Table 3 summarizes the adoption of the different types of optical sensors. Fourteen studies obtained data from in-field sensors, which included spectroradiometers (12 studies). Twenty-four studies collected input data from cameras mounted on aerial vehicles; the cameras recorded RGB images (11 studies), multispectral images (13), and hyperspectral images (5). Thirteen studies retrieved image data from satellites, including Sentinel (9 studies), MODIS (3), PlanetScope (2), Landsat (1), PlanetDove (1), and WorldView (1).

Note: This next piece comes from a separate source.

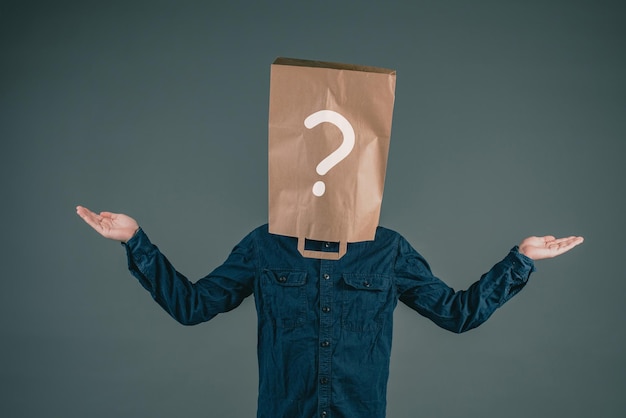 A young man has a paper bag on his head with a question mark, asking why, looking for answers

Table 2 Data collection in the included studies (N = 43)
Table 3 Optical sensors used in the included studies (N = 43)

Data preprocessing

Table 4 reports the adoption of feature selection techniques and provides the number of features per study. Feature selection was present in 24 studies, and the most frequent techniques were correlation analysis (8 studies), PCA (8), and stepwise regression (4). The number of features ranged between 1 and 101, although eight studies did not report this information. On one hand, four studies spared out feature selection but collected sensor data for a single feature. On the other hand, 18 studies trained models from at least 10 different features.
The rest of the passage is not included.